Please write out exactly the lines of the data below from the line holding "Resale - Villa - Los Montesinos" through the line holding "Venice Snap Collar", and leave out the rest.
Record extracts Start Marker
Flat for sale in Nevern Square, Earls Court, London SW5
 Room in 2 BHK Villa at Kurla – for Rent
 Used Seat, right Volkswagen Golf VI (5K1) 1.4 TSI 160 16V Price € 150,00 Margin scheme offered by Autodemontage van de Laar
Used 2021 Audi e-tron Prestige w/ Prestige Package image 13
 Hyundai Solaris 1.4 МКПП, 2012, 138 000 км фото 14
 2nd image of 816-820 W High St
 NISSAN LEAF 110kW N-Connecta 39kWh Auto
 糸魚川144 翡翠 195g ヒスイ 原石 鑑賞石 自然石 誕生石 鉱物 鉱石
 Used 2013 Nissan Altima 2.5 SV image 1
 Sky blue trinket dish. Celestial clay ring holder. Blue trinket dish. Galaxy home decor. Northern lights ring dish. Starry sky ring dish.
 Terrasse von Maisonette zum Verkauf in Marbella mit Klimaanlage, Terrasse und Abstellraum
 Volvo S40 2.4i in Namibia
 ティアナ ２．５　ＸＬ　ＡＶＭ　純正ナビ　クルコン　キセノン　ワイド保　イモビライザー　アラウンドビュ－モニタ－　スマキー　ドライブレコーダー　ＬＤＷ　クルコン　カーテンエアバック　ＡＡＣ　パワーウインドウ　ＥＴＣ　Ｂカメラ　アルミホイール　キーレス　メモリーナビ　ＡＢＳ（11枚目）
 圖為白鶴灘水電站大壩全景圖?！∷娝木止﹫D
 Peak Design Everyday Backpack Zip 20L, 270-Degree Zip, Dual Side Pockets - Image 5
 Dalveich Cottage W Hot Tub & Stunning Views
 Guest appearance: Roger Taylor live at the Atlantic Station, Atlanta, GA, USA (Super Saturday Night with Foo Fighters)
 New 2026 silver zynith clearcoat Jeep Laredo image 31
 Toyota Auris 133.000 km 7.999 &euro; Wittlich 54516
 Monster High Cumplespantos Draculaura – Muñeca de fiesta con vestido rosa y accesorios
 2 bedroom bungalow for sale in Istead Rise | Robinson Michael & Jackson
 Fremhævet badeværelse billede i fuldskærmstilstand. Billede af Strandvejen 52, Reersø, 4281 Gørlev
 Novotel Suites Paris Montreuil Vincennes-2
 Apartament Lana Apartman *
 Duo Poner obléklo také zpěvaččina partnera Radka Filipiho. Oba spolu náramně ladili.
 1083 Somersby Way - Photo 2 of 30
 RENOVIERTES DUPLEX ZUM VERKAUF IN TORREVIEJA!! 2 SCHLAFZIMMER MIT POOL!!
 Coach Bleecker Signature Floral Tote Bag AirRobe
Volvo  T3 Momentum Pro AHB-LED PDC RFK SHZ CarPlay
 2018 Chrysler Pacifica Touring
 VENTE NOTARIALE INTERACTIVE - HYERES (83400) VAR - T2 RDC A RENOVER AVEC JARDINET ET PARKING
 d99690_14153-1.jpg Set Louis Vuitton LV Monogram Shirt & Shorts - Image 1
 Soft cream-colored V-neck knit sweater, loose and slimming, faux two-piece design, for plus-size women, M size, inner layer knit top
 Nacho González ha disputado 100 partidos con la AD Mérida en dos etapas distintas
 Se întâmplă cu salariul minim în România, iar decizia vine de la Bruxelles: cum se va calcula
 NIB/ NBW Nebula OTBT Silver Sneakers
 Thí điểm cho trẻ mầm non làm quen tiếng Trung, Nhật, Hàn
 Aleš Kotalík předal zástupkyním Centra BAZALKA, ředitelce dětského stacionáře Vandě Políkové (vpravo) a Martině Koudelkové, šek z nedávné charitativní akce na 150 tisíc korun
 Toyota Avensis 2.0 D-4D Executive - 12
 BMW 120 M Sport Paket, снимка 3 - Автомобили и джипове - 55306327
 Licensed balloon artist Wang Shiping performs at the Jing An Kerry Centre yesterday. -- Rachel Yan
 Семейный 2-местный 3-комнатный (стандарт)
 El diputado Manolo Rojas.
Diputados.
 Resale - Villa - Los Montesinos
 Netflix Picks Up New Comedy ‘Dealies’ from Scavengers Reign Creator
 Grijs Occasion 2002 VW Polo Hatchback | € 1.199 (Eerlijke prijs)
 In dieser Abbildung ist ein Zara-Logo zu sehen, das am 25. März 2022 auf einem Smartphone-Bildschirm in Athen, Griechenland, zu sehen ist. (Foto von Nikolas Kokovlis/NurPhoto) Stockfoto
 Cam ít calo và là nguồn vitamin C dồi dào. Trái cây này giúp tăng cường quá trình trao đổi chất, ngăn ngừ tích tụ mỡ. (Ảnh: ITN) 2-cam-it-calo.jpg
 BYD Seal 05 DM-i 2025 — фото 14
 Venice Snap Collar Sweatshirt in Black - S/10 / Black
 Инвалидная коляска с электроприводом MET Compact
Record extracts End Marker
> [Exercise result]:
 Resale - Villa - Los Montesinos
 Netflix Picks Up New Comedy ‘Dealies’ from Scavengers Reign Creator
 Grijs Occasion 2002 VW Polo Hatchback | € 1.199 (Eerlijke prijs)
 In dieser Abbildung ist ein Zara-Logo zu sehen, das am 25. März 2022 auf einem Smartphone-Bildschirm in Athen, Griechenland, zu sehen ist. (Foto von Nikolas Kokovlis/NurPhoto) Stockfoto
 Cam ít calo và là nguồn vitamin C dồi dào. Trái cây này giúp tăng cường quá trình trao đổi chất, ngăn ngừ tích tụ mỡ. (Ảnh: ITN) 2-cam-it-calo.jpg
 BYD Seal 05 DM-i 2025 — фото 14
 Venice Snap Collar Sweatshirt in Black - S/10 / Black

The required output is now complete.